By M.D. Kittle
MADISON — In the heat of the state budget battle, Gov Tony Evers’ chief administrator is taking time to do some fundraising for a Democratic senator.
Department of Administration Secretary Joel Brennan’s “special guest” status next Tuesday at Sen. Brad Pfaff’s posh fundraiser in Madison is a departure from the days of former Republican Gov. Scott Walker, who forbade his secretaries from shilling for political campaigns.
The Pfaff fundraiser is scheduled for late Tuesday afternoon at the Robina Courtyard, an East Washington Avenue beer garden that’s just a 17-minute walk from the State Capitol. According to the invitation, the “suggested donation” to the La Crosse Democrat’s campaign is $100, with sponsorship levels ranging between $250 and $2,000.
“My first thought when I saw that was, it’s been a while since that has been done. The Walker administration didn’t allow that,” a Capitol insider told Empower Wisconsin. You’d have to go back to the days of Democratic Gov. Jim Doyle to see administration secretaries working the political fundraising circuit.
It also may not be the best look for the Administration secretary to engage in fundraising as the next state budget is being debated. One of the Department of Administration’s key functions is to “help the governor develop and implement the state budget.”
“It’s in poor taste, especially given the size of the budget role DOA has. It’s the brain of the operations of the state,” said state Rep. Tony Kurtz (R-Wonewoc), who also serves portions of western Wisconsin and is a member of the Legislature’s Joint Finance Committee. “It is a bit concerning.”

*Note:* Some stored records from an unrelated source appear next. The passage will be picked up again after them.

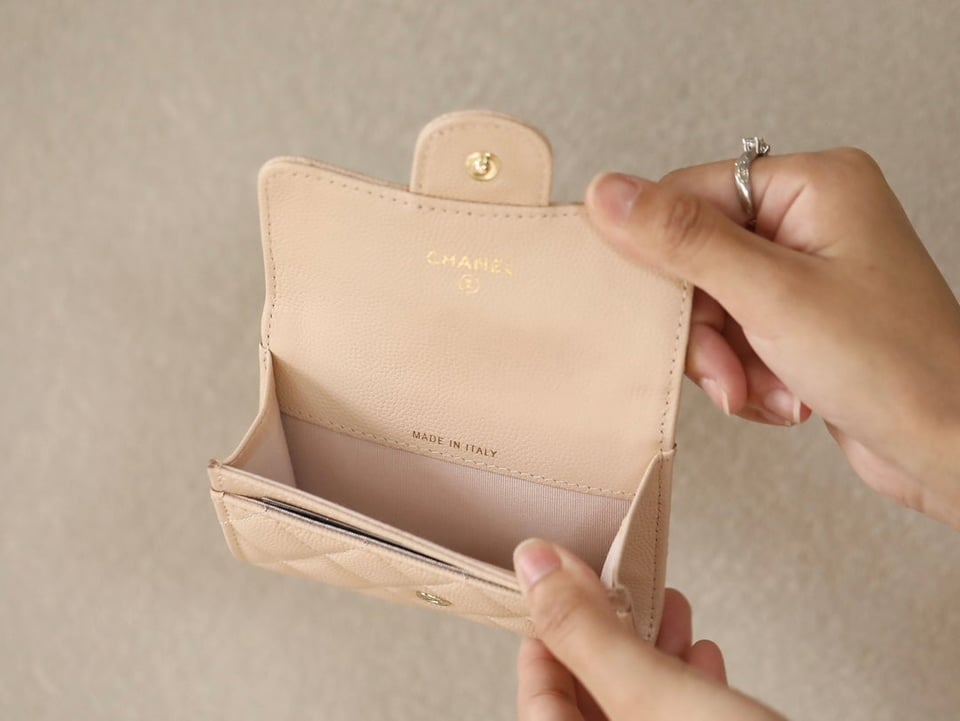 Chanel Flap Card Holder 11.3 Beige Grained Calfskin Gold Icon view 4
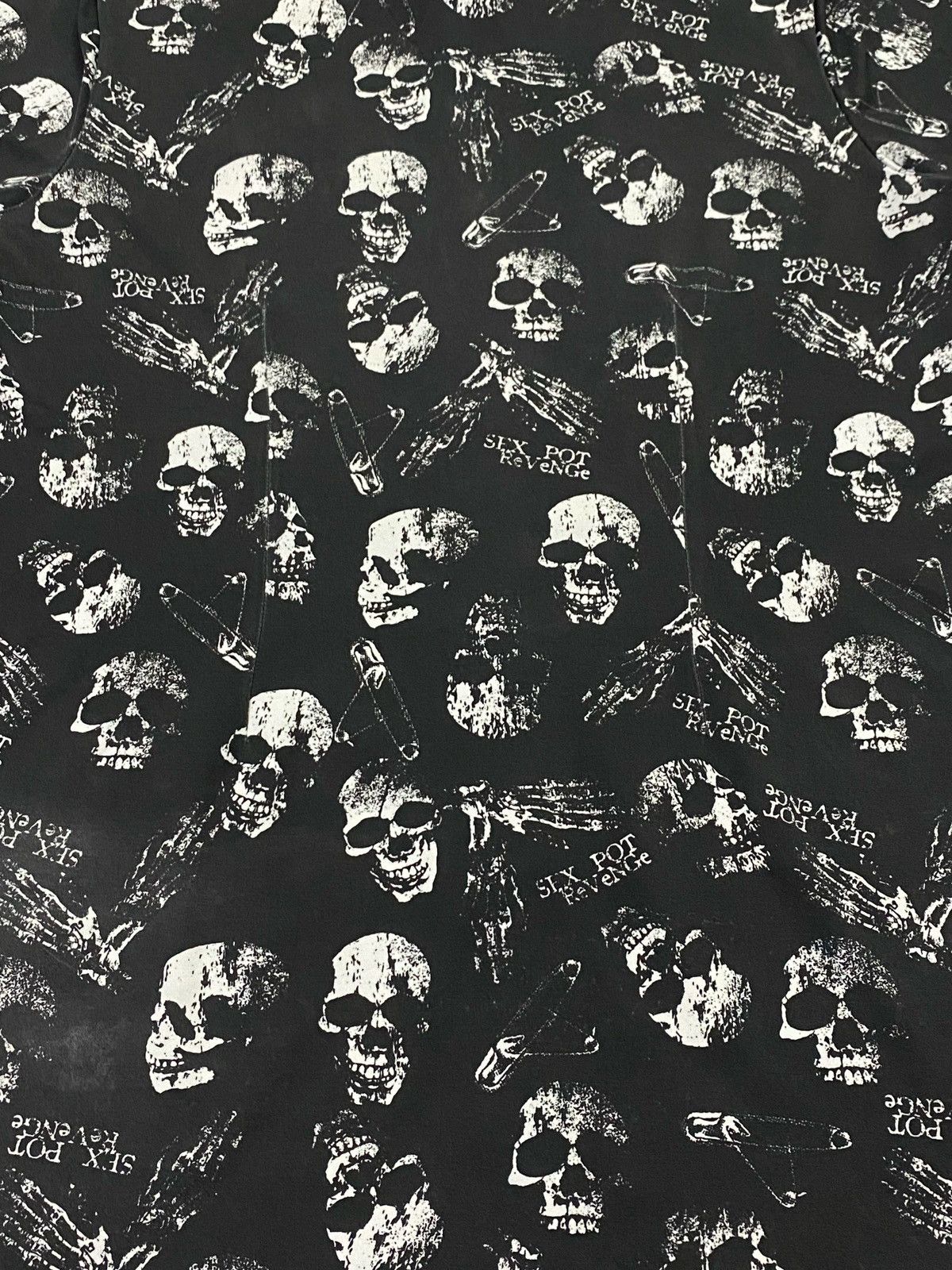 Sex Pot ReVeNGe Sex Pot Revenge Skull Full Print Stretch Shirt Snep Button Size US L / EU 52-54 / 3 - 14 Thumbnail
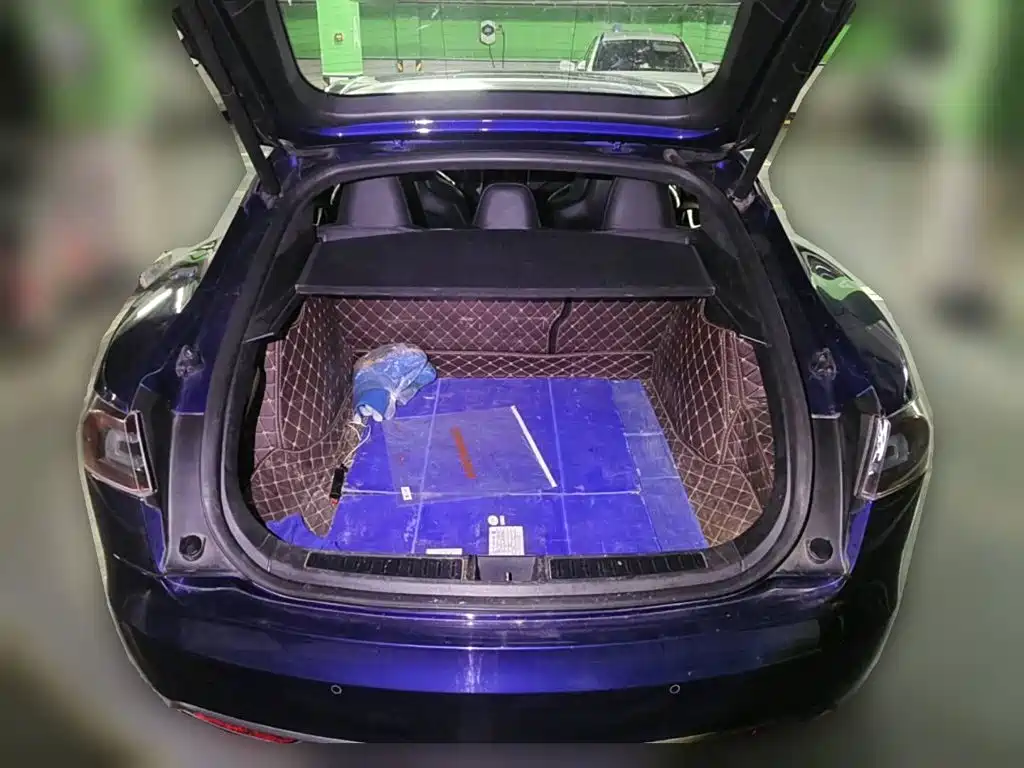 Photo 5 - Tesla Model S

It’s interesting how quiet so-called good government groups and mainstream media outlets have been about Brennan’s involvement in Pfaff’s fundraiser.

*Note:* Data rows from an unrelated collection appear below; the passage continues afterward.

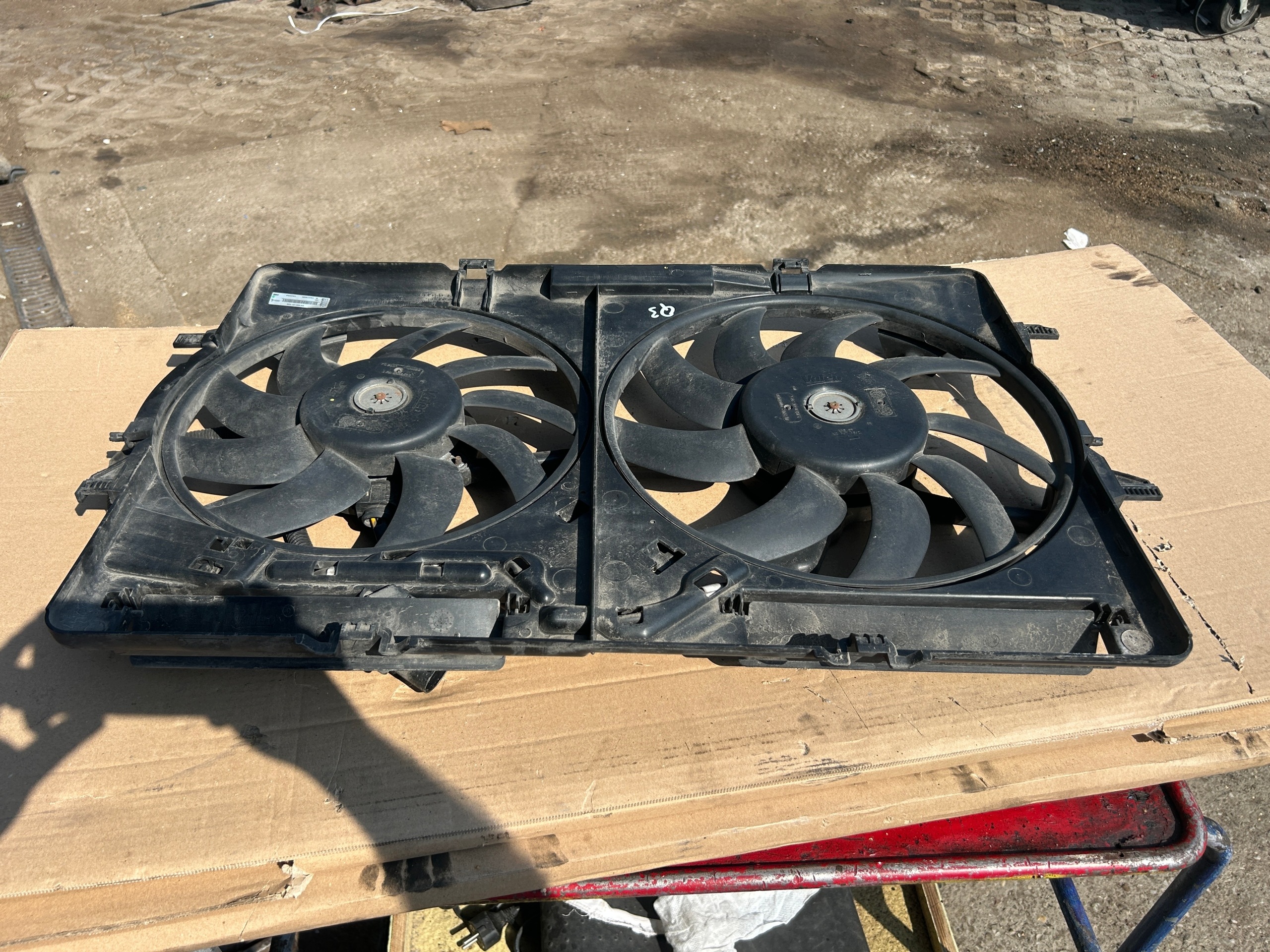 AUDI Q3 8U Ventilateurs Radiateur 8K0121003AG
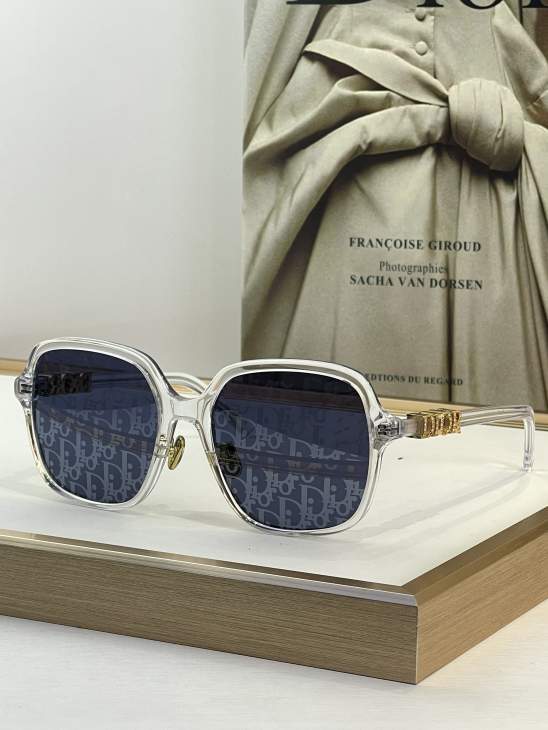 Picture of Dior Sunglasses _SKUfw76161913fw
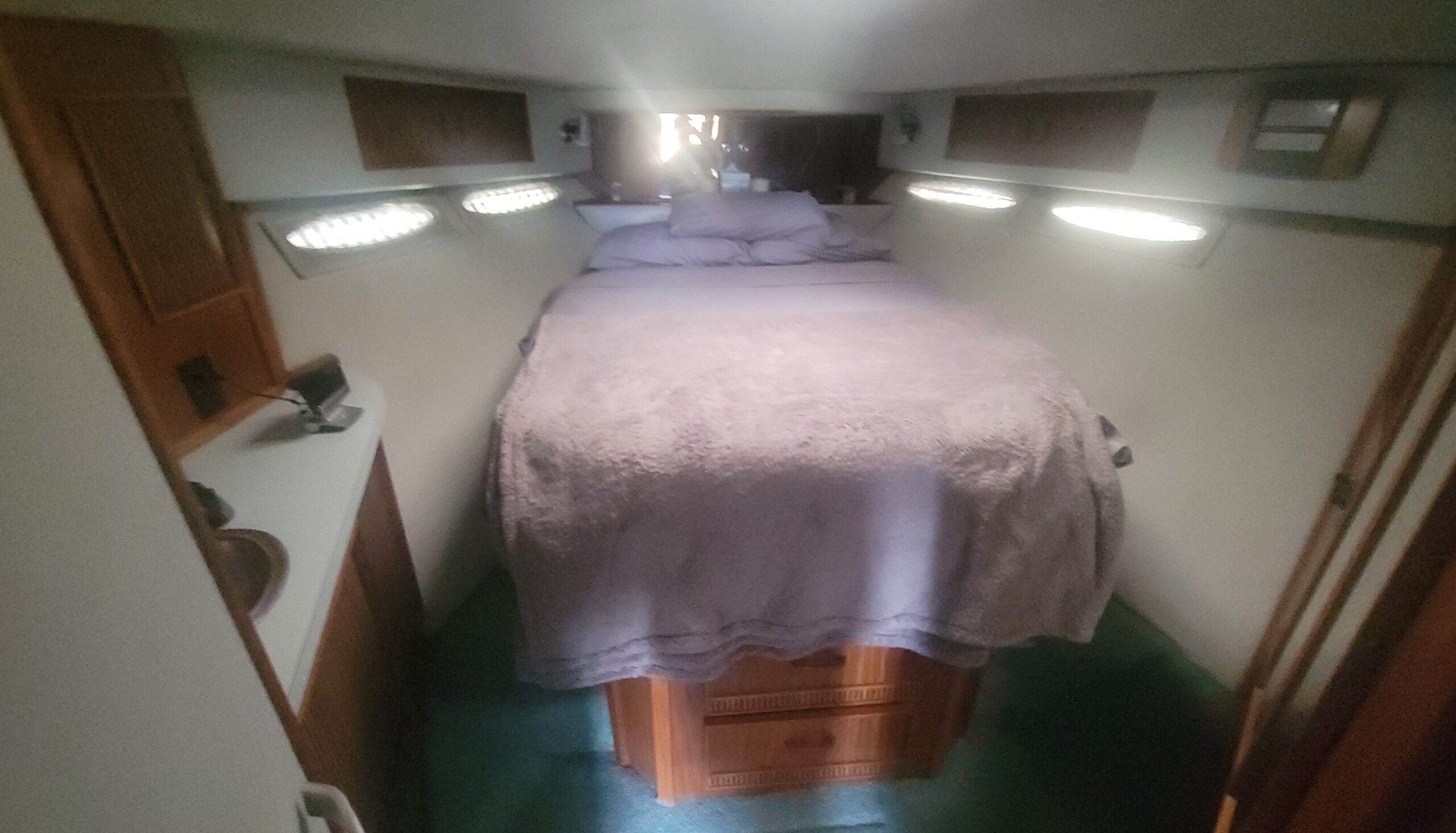 1987 39′ Sea Ray 390 Express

In 2015, state Sen. Alberta Darling (R-River Hills) and then-Rep. John Nygren (R-Marinette), co-chairs of the Joint Finance Committee at the time, were excoriated in the press for fundraising during the budget talks. Darling ultimately canceled a fundraiser after it was described in news stories as a “shakedown for lobbyists and special interests.”
“The co-chair of the Legislature’s budget-writing committee postponed the fundraiser Wednesday after a government watchdog group and Democrats criticized her over its timing,” AP’s Scott Bauer wrote.

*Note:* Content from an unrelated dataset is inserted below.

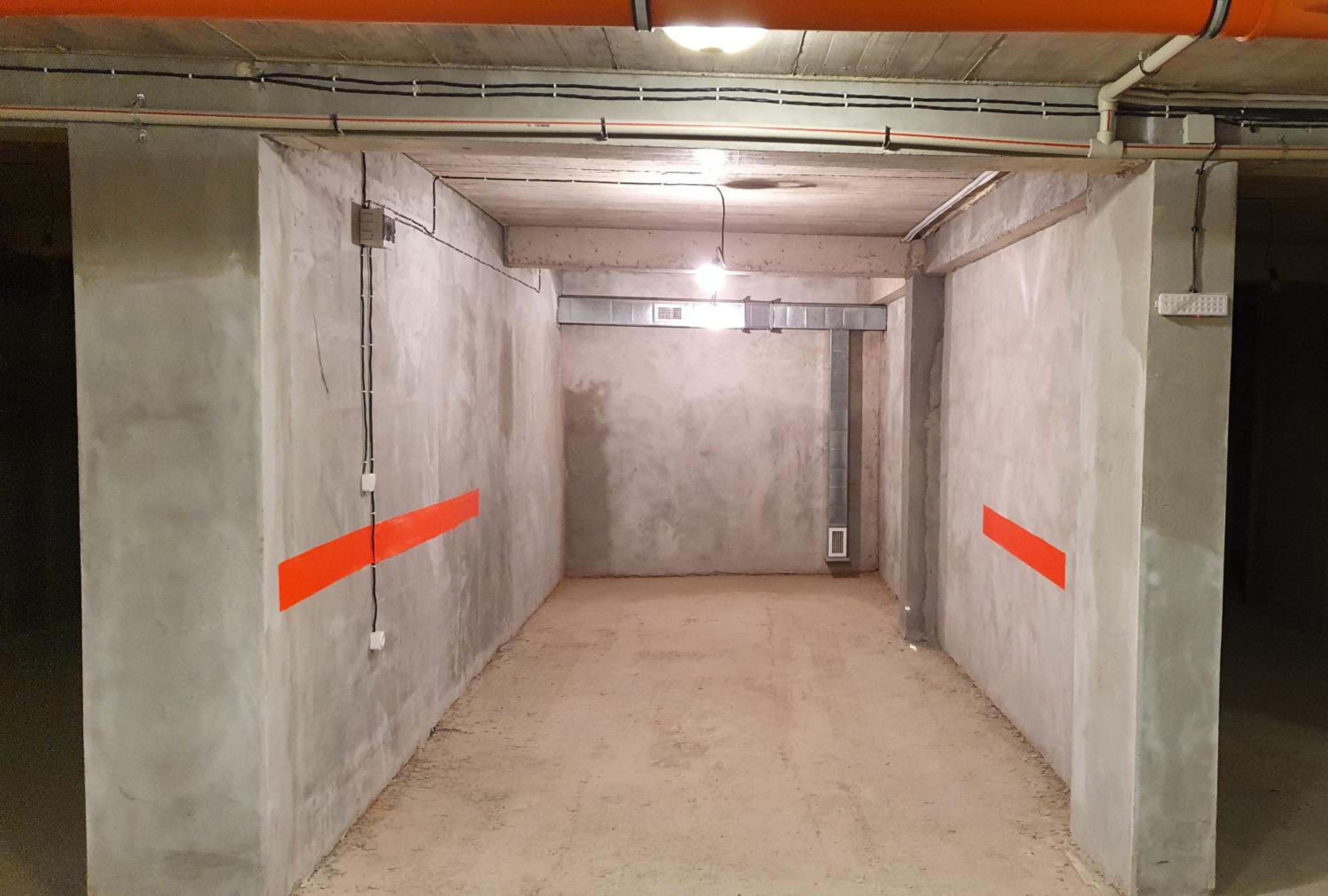 Central 1BD Free Private Garage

Pfaff, Evers’ original secretary-designee of the Department of Agriculture, Trade, and Consumer Protection, was sent packing after the Republican-controlled Senate rejected his nomination in November 2019. The partisan ag chief got into a very public political battle with Republican lawmakers. He then ran for the 32nd Senate seat, which opened up after Senate Minority Leader Jennifer Shilling (D-La Crosse) suddenly stepped down.
Pfaff raised and spent more than $1.5 million in his Senate run, according to campaign finance records. He out-raised his opponent, Dan Kapanke (R-La Crosse) by a nearly 3-1 margin. Pfaff won by just 582 votes in this critical western Wisconsin swing district. Had he lost, Republicans would have had a veto-proof majority in the Senate, a powerful check on Evers’ liberal, big-government agenda.